Applying Colorado law, the United States District Court for the District of Colorado has held that a medical professional liability insurer was entitled to reimbursement of a settlement payment made on behalf of an insured to settle a dispute with a former patient. Evanston Ins. Co. v. Aminokit Labs., Inc., 2019 WL 479204 (D. Colo. Feb. 7, 2019).
The insured, a doctor, was sued along with two other parties by a former patient who alleged that the doctor engaged in a scheme to submit fraudulent insurance claims and failed to provide adequate medical treatment to the patient. The insured submitted the lawsuit to his medical professional liability insurer, which accepted coverage under a full reservation of rights. The insurer also filed a declaratory judgment action to determine its rights and obligations under the policy.
While the declaratory judgment action was pending, the former patient made a settlement offer. The insurer asked the insured to contribute a portion of the settlement, but the insured refused and threatened a bad faith claim. The insurer advised the insured that it would pay the full settlement subject to the right to seek reimbursement.
The insurer accepted the settlement offer and agreed to fund the settlement in exchange for dismissal with prejudice of all the defendants. The settlement agreement was signed by all the parties except the insured, who did not want the settlement to constitute a “reportable event” for purposes of any medical board. The insured also made sure the settlement agreement did not reflect any apportionment of the settlement to him.
In a prior opinion, the district court held on summary judgment that the policy did not respond to the lawsuit and the insurer had no duty to defend or indemnify. Here, the district court held that the insured had been unjustly enriched and the insurer was entitled to reimbursement of the settlement payment. The court found that: (1) the insured had received a benefit from the settlement payment because he was dismissed with prejudice from the lawsuit; (2) the insured’s benefit was at the insurer’s expense because it funded the settlement; and (3) the insured received the benefit “under circumstances that would make it unjust for him to retain the benefit without commensurate compensation.”
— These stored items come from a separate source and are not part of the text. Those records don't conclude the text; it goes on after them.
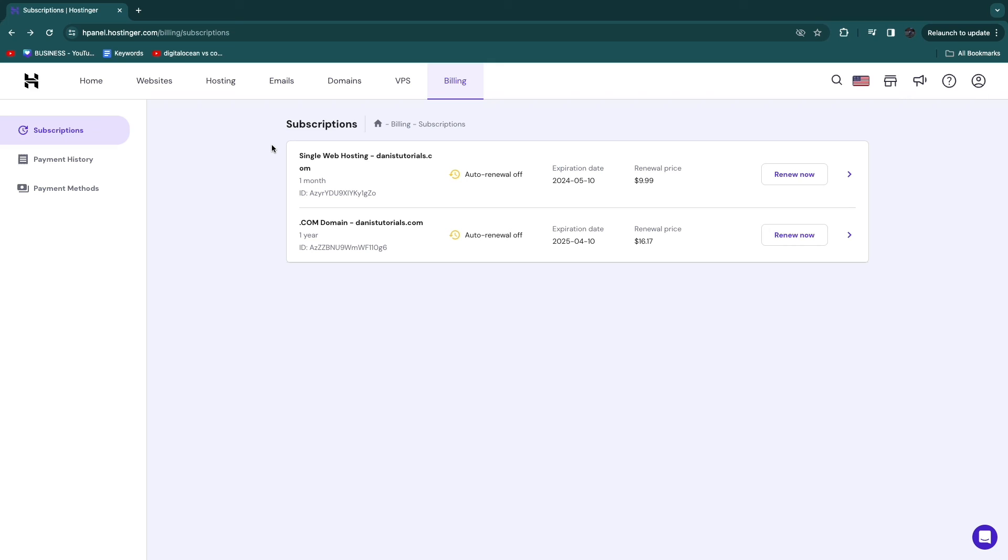So now you know how to delete your Hostinger account. If this video was helpful, please consider leaving a like and subscribing to my channel. With that being said, I will see you in the next video.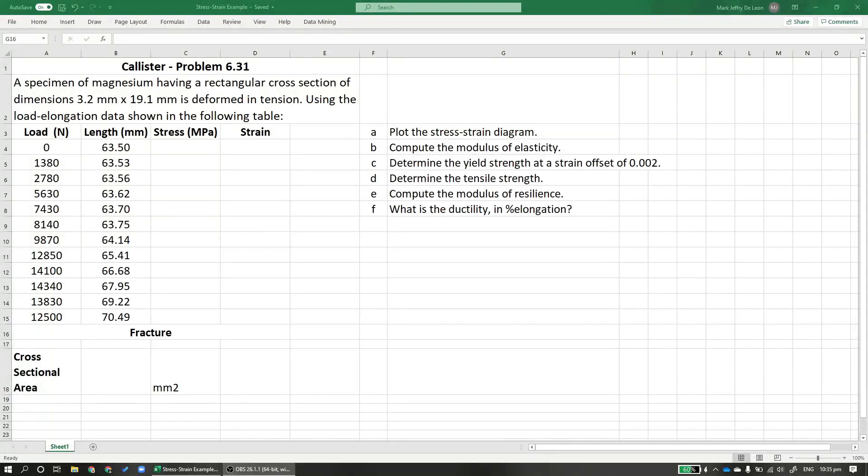Okay, so good day everyone. Today I'll guide you through a sample problem involving stress-strain diagrams. So let's answer problem 6.31 from Material Science and Engineering, an introduction, 9th edition, written by William Callister.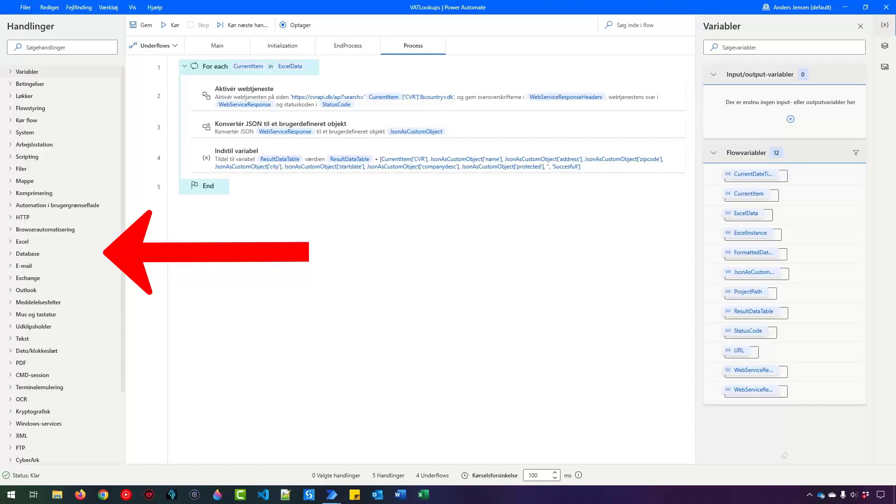Here you can see all my activities are in Danish in Power Automate for desktop. Let's change that.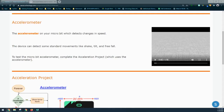Today we're going to continue with activity 2.1, Need Input, and we're going to look at a different type of input device known as the accelerometer. The accelerometer on your microbit is used to detect changes in speed. The device can detect standard movements like shake, tilt, or even free fall. To test the microbit accelerometer, you'll need to complete the acceleration project, which uses the accelerometer embedded into your microbit.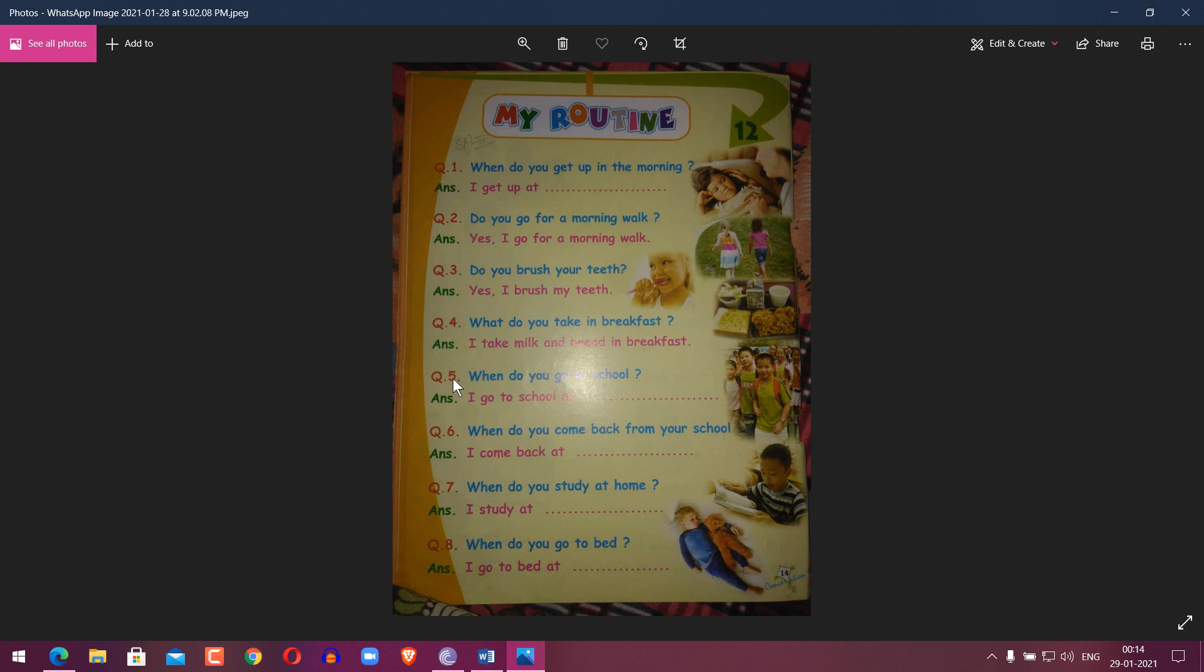Question 5: When do you go to school? Answer: I go to school at 9 a.m., at 9 o'clock. Question 6: When do you come back from your school? Answer: I come back at 3 p.m.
The court held that the insured had insisted that the insurer fund the settlement offer “while threatening [the insurer] with the potential for a bad faith lawsuit.” The insured also had clear knowledge that the insurer would seek reimbursement. Finally, the court rejected the doctor’s argument that he had no liability because no portion of the settlement was specifically allocated to him in the agreement, finding that the insurer had not agreed that no portion would be allocated to the insured and that the settlement had resulted in the doctor’s dismissal with prejudice in any event.
The court also found that the insured was jointly and severally liable for the full amount of the settlement payment because the insured received the full benefit of the settlement payment. In addition, the court awarded the insurer prejudgment interest.